Most people know that America celebrates its Independence Day on the Fourth of July every year. Freedom means a lot to me. I’m sure it’s very important for you too.
What is the 4th of July?
July 4, 1776, was when the delegates from the 13 colonies adopted Declaration of Independence and the birth of the United States of America as an independent nation from Great Britain Empire. The Declaration of Independence, a historic document drafted by Thomas Jefferson.
July 4th was made an unpaid national holiday for federal workers in 1870, until Congress made it an official paid holiday in 1938. Some non-federal workers get paid for July 4th day off. For people who have to work, they might get paid more or extra compensation for the day.
But most people prefer not work on July 4th. Who wants to work when everyone is partying?
And do you know this one interesting fact which started the fight to gain independence?
“”Taxation without representation!” was the battle cry in America’s 13 Colonies, which were forced to pay taxes to England’s King George III despite having no representation in the British Parliament. As dissatisfaction grew, British troops were sent in to quell the early movement toward rebellion.
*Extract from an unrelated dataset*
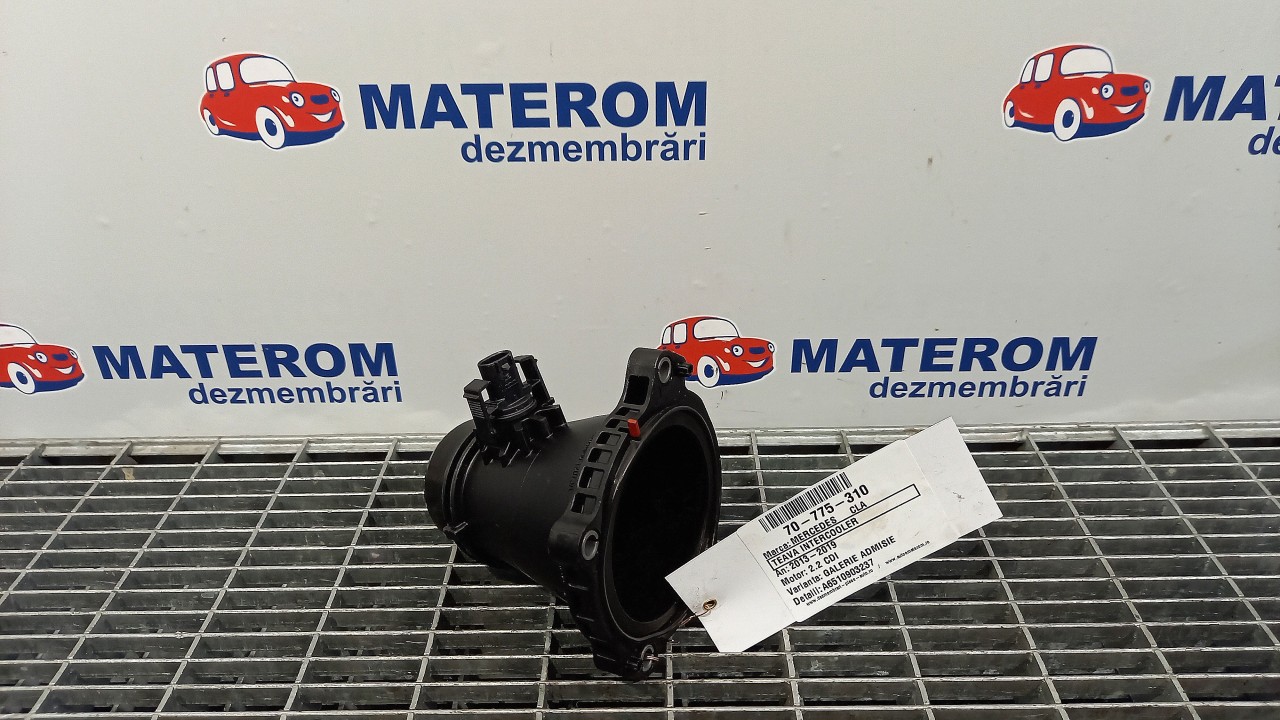 TEAVA INTERCOOLER MERCEDES CLA CLA 2.2 CDI - (2013 2019)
Repeated attempts by the Colonists to resolve the crisis without military conflict proved fruitless.
On June 11, 1776, the Colonies’ Second Continental Congress met in Philadelphia and formed a committee whose express purpose was drafting a document that would formally sever their ties with Great Britain. The committee included Thomas Jefferson, Benjamin Franklin, John Adams, Roger Sherman and Robert R. Livingston. Jefferson, who was considered the strongest and most eloquent writer, crafted the original draft document (as seen above). A total of 86 changes were made to his draft and the Continental Congress officially adopted the final version on July 4, 1776.”
How do Americans celebrate Independence Day?
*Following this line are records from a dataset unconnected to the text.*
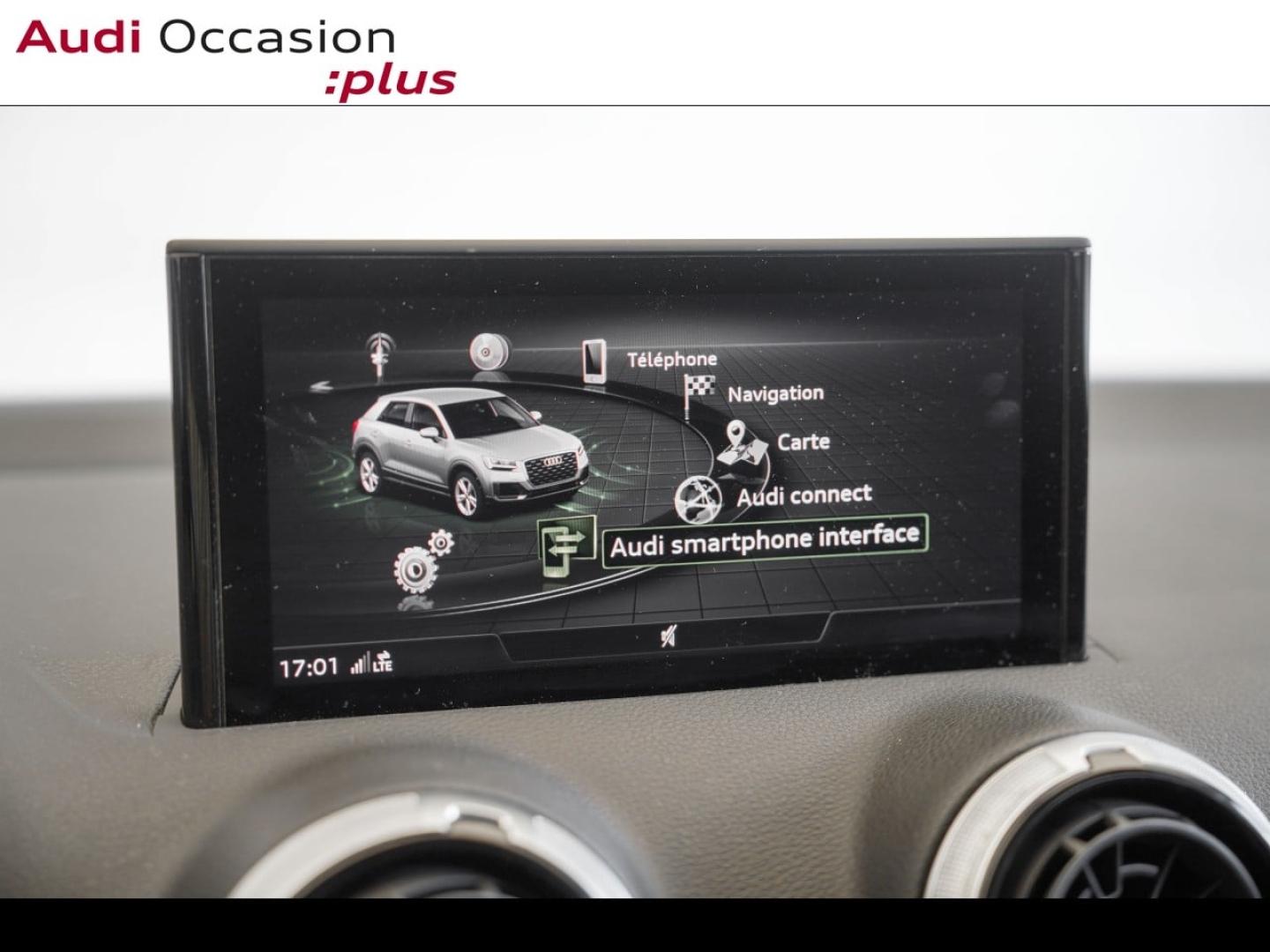 Voitures occasions Audi Q2 S line Plus Vélizy-Villacoublay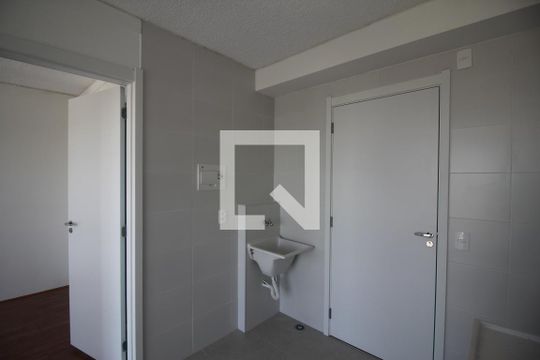 Área de Serviço de apartamento para alugar com 1 quarto, 27m² em Socorro, São Paulo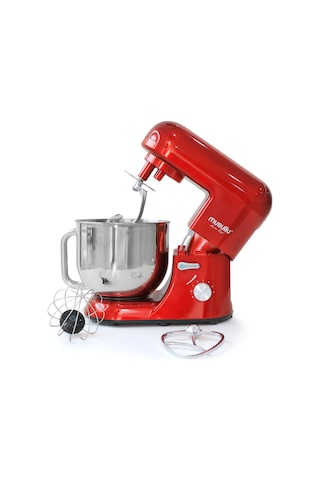 Musullu Masterchef 6.5 L 1800 W Mutfak Şefi Stand Mikser + Çiğköfte Kabı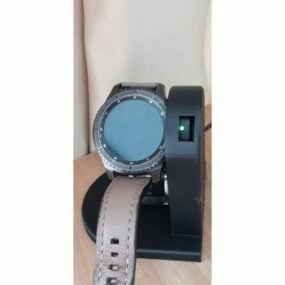 Printable Samsung Gear S3 Charger Stand 3d model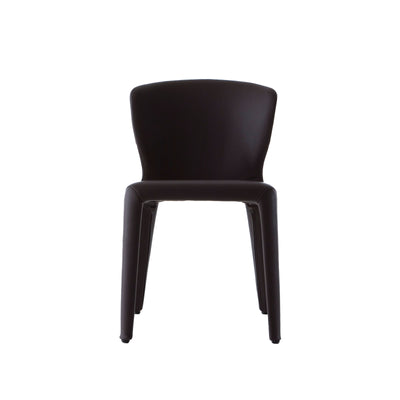 Leather Chair HOLA 369, designed by Hannes Wettstein for Cassina 01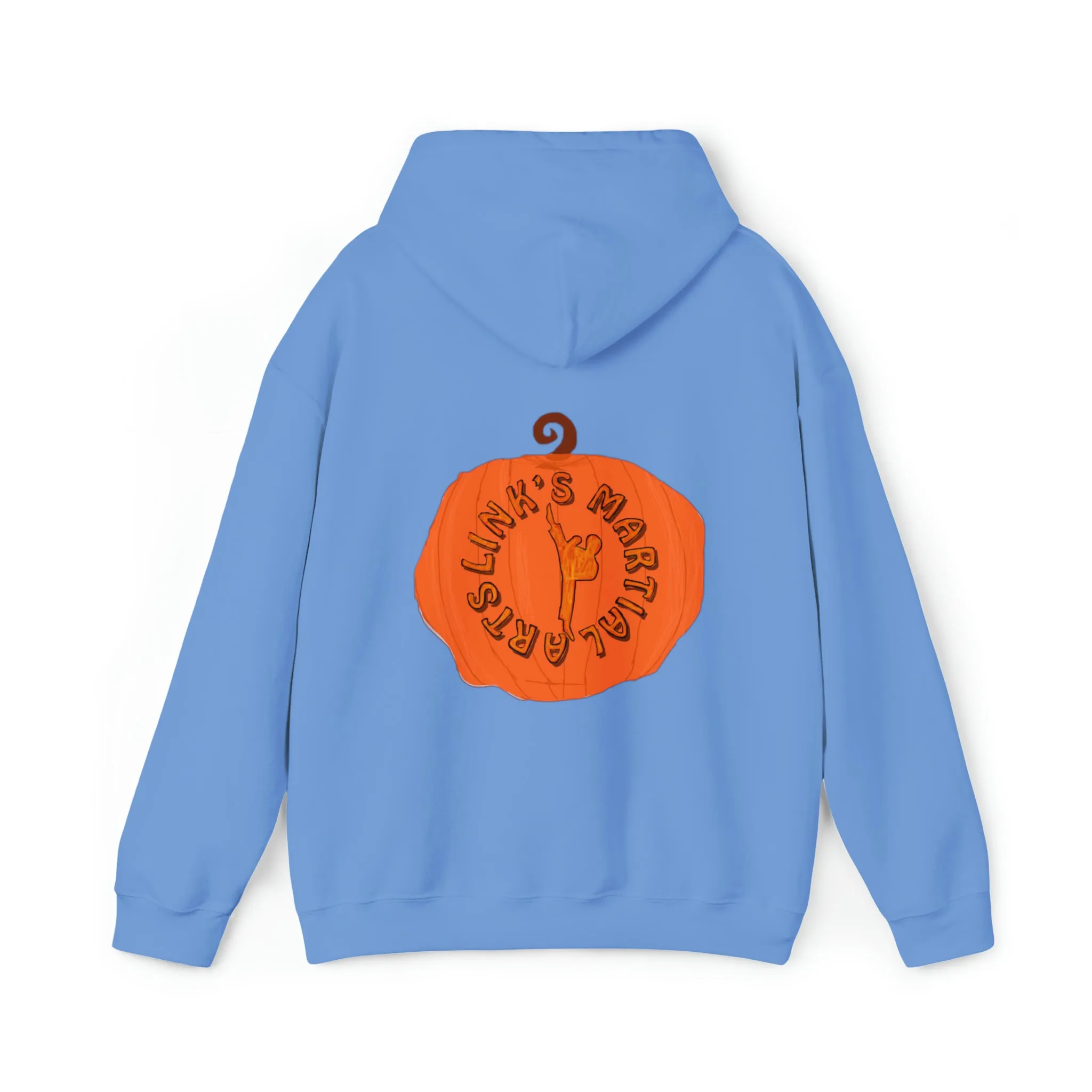 Link's Martial Arts Halloween Logo Unisex Heavy Blend™ Hooded Sweatshirt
The day is associated with patriotic displays, barbecues, beers, picnics and games. The lists goes on…
Family events are organized throughout the United States as national holiday in the United States since 1941.
Fireworks are one of the most common ways to celebrate Independence Day, with displays often held in every major city – FREE for everyone to enjoy! Some cities allow residents to play fireworks while other cities bane fireworks due to safety reasons.
That is freedom on a national level.
On a personal level, each of us need and defines our freedoms differently.
Here is a short list what Freedom means to some of us…
Please enjoy the video…
If you want your freedom, whatever that might be for you, and you haven’t gained your freedom yet, please continue to seek it. Don’t give up!
Live a life with freedom is worthy of loving life.